WHAT IS EXPECTED
Print the line that contains "Manor House Villa Beeford Exterior photo", then every line after it until the entries end, exactly as they read; do not include pictures.
-=-=-=-=-
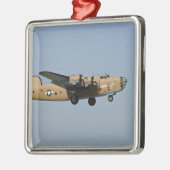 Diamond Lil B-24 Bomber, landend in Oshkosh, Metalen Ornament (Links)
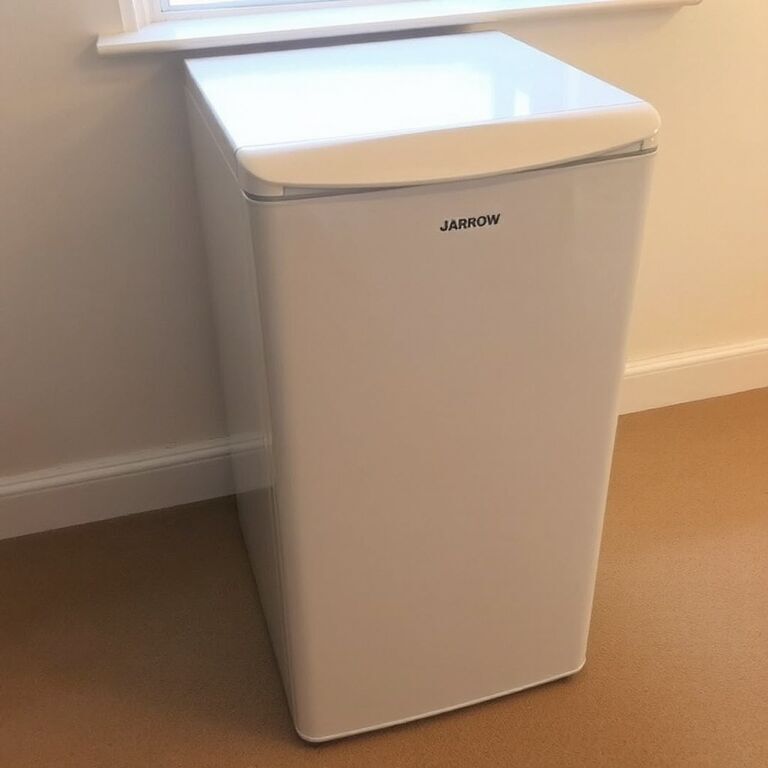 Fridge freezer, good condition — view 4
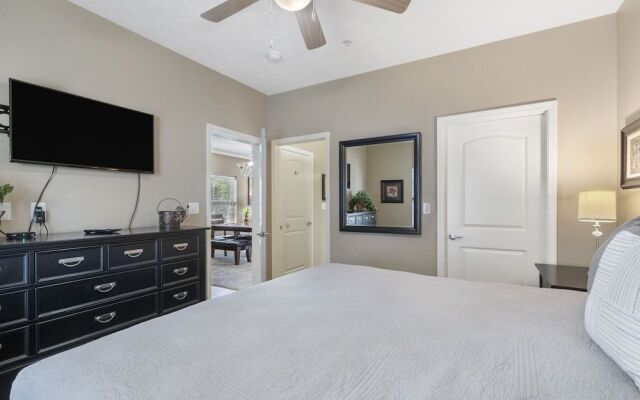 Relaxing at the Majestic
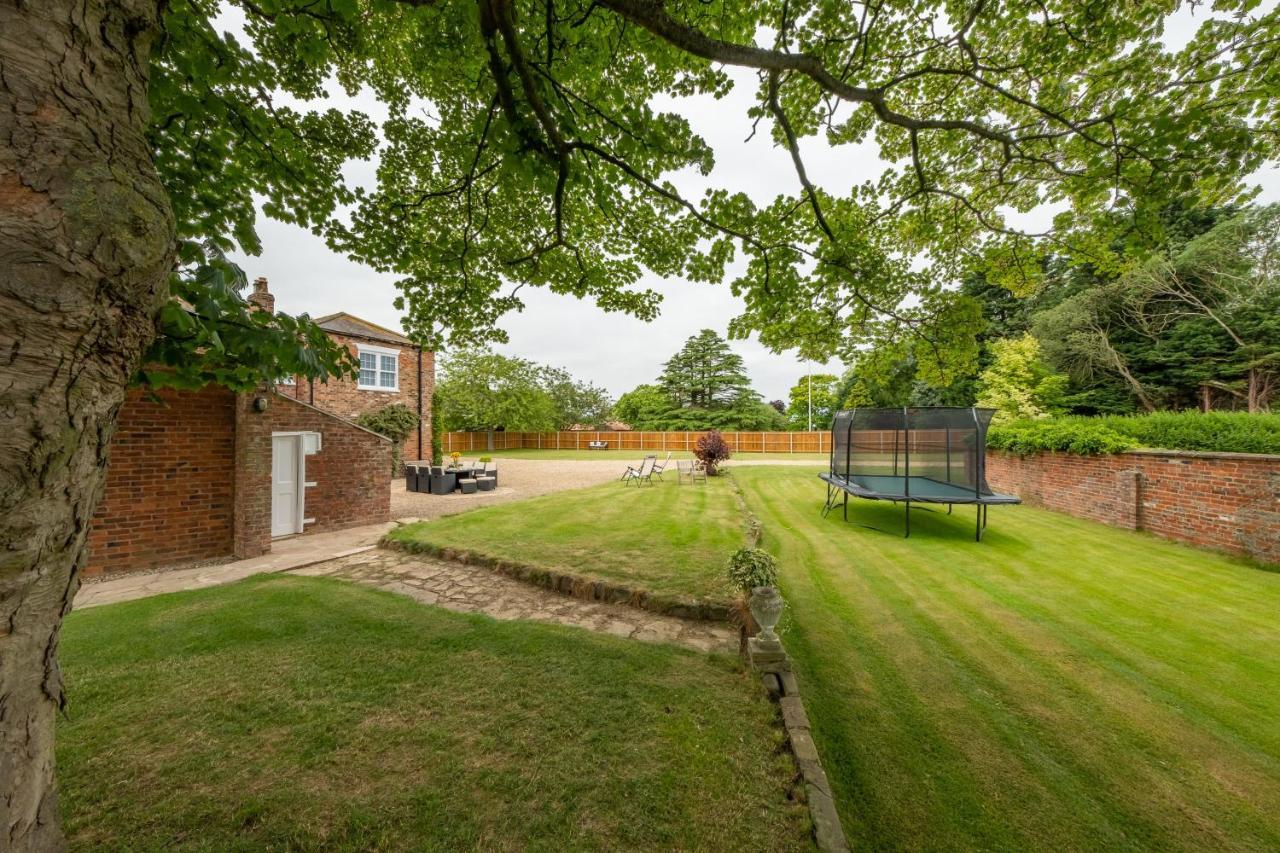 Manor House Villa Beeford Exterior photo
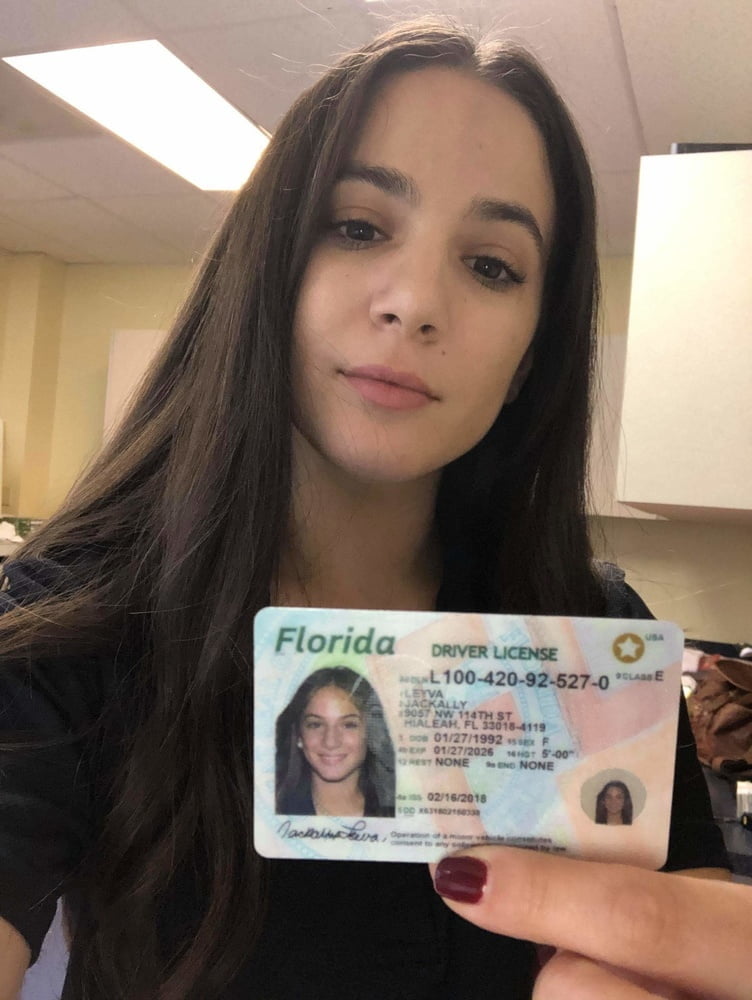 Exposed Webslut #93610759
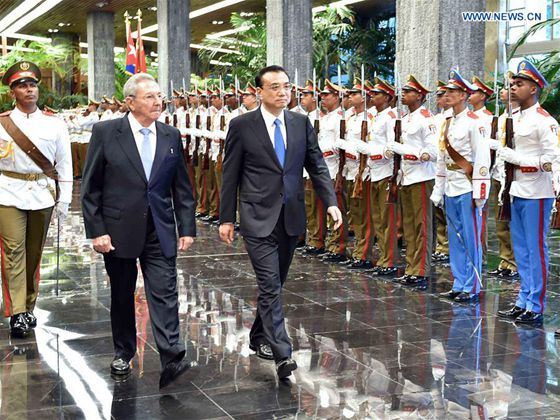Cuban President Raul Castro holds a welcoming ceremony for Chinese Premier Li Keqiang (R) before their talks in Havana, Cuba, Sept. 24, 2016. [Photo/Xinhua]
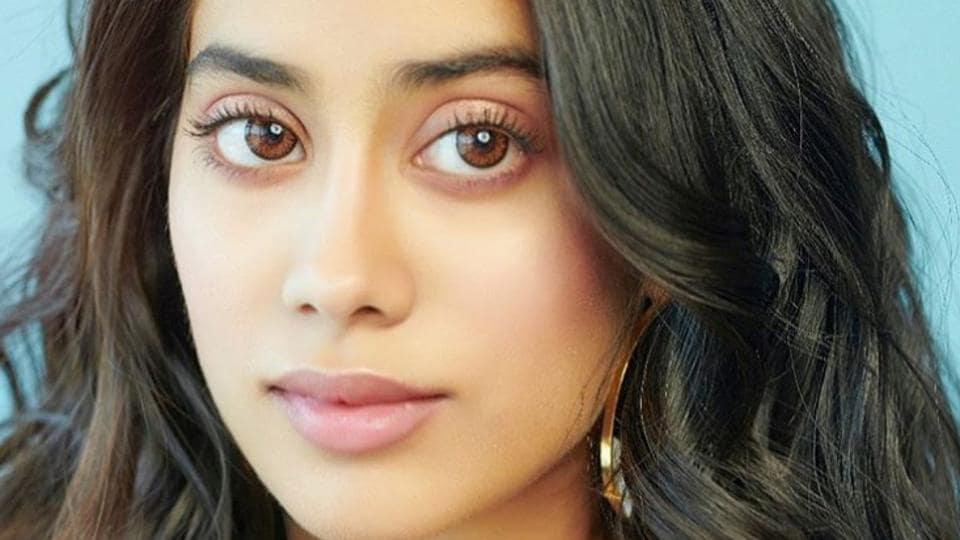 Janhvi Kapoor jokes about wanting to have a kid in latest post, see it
-=-=-=-=-
RESULT
 Manor House Villa Beeford Exterior photo
 Exposed Webslut #93610759
Cuban President Raul Castro holds a welcoming ceremony for Chinese Premier Li Keqiang (R) before their talks in Havana, Cuba, Sept. 24, 2016. [Photo/Xinhua]
 Janhvi Kapoor jokes about wanting to have a kid in latest post, see it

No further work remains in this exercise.